- _Given data_
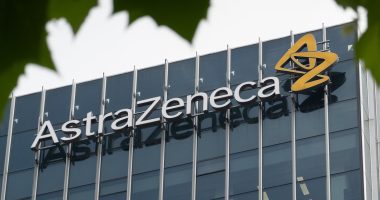 Top medics issue urgent warning over heart drug taken by millions - as makers AstraZeneca are accused of 'misreporting' safety data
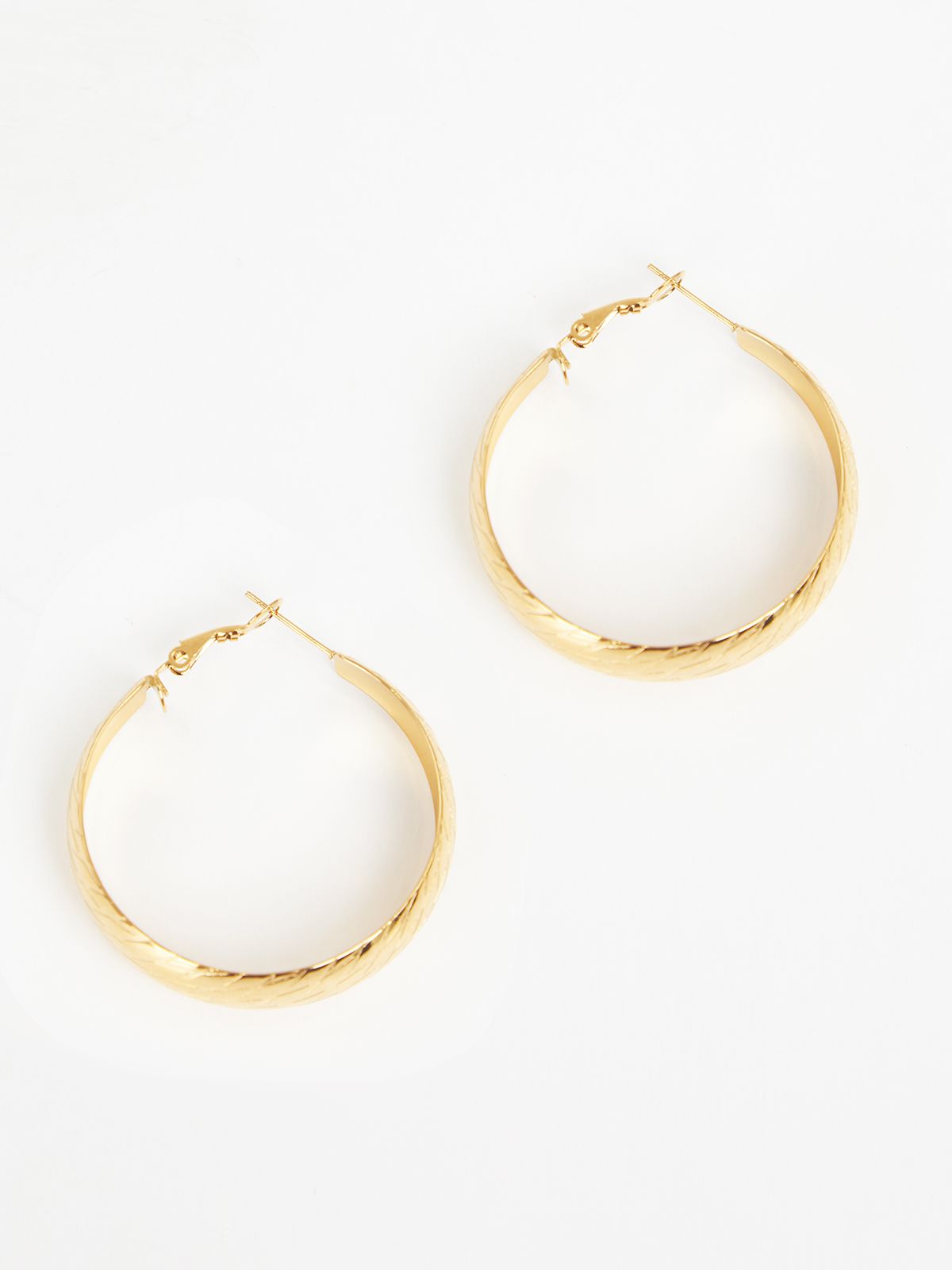 Wide hoop textured earrings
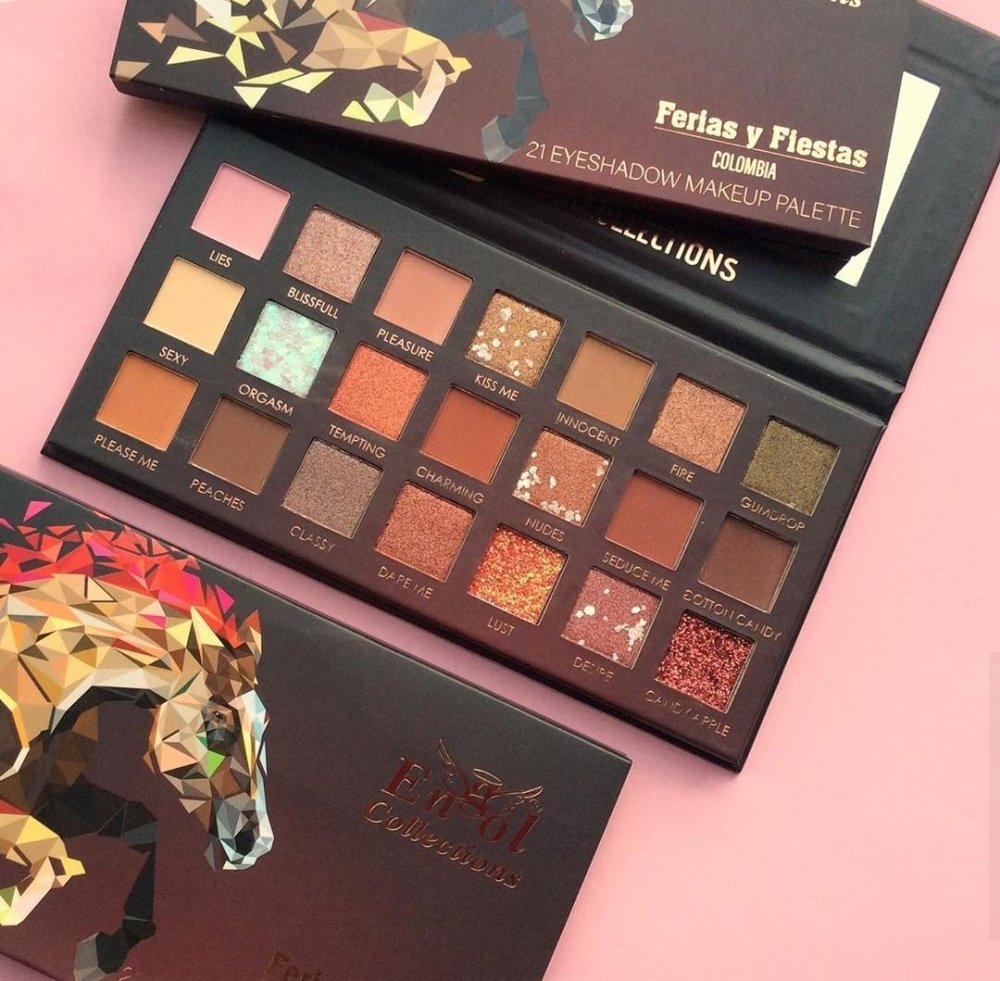 Engol Collections - Ferias y Fiestas Colombia - 21 Eyeshadow Makeup Palette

- _Exercise details_
Beginning with the line that holds "Wide hoop textured earrings", write out exactly the lines down to the end of the material above, and no others. Pictures are not part of the copy.

- _Output for this task_
 Wide hoop textured earrings
 Engol Collections - Ferias y Fiestas Colombia - 21 Eyeshadow Makeup Palette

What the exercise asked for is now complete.